The elimination of collective bargaining allowed the Greendale School District to restructure the 2012-13 school calendar without negotiating with the teachers' union.
The Greendale School District Board of Education unanimously approved modifications to a new 2012-13 school calendar on Feb. 20 that will most eliminate school half days to make it more family-friendly.
“We were given the opportunity to review and reorganize our school calendar to meet the needs of our students, families and staff,” said Greendale Superintendent of Schools Dr. William Hughes in a release. “We harvested input from faculty at every school and feedback from parents through Partners for Community Action to create a calendar that has value for everyone.”
According to a memo to the school board, the calendar has always been a controversial issue and has been a mandatory subject of collective bargaining.

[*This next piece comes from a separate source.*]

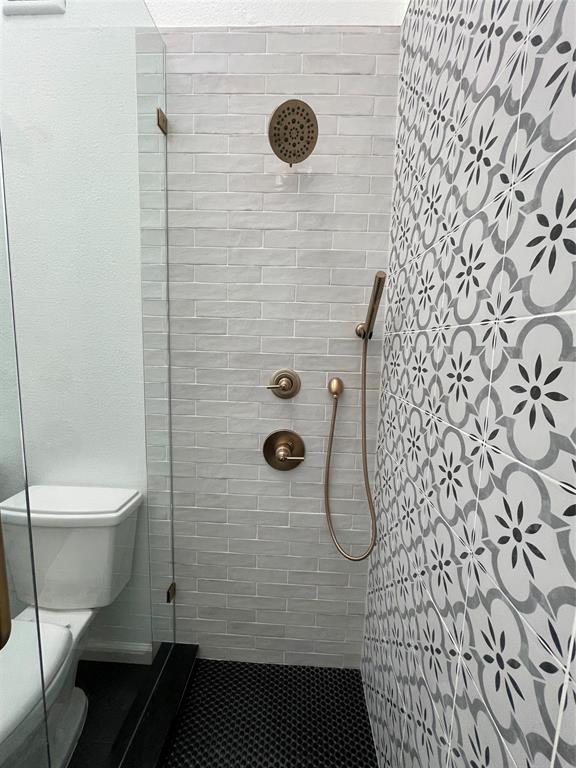 Wedglea Creek Condos Ph I-II - Residential Lease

But when Act 10 passed, the calendar was no longer an item districts needed to negotiate with the union.
The new calendar increases the days teachers are required to come to work by four days, about a 2% percent increase.
The updated calendar eliminates all but one student half days; the exception is the last day of school on June 14, 2013. The calendar also connects all student days off to a weekend, making scheduling and arranging childcare easier for parents.
Director of Assessment and Learning Kim Amidzich, Director of Human Resources Julie Grotophorst and Principal of College Park Elementary Kerry Owens‐Bur organized a small team of innovative faculty to consider the structure of the school calendar for 2012‐2013.
According to the memo the goal of the team was to think about the best vehicle to deliver instruction and professional development that respects families' needs.
The new calendar tries to meet families' needs and help professional development by:
- Increasing time and frequency of on-site professional development for all faculty, providing nine days throughout the year.
- Eliminating all half days (with the exception of the last day of school).
- Creating data review times four times each year for teachers to collectively evaluate student achievement data.
- Providing four specific dates for parent–teacher contact and an opportunity to rethink the arena-style conferencing.
- Meeting state requirements for instructional time.
- Complying with the Sept. 1 requirement for school start times.
The memo about the calendar states: "As a whole, both faculty and parents supported the newly proposed calendar. Both parents and faculty appreciated the elimination of half days and that all days off for students connected to the weekend."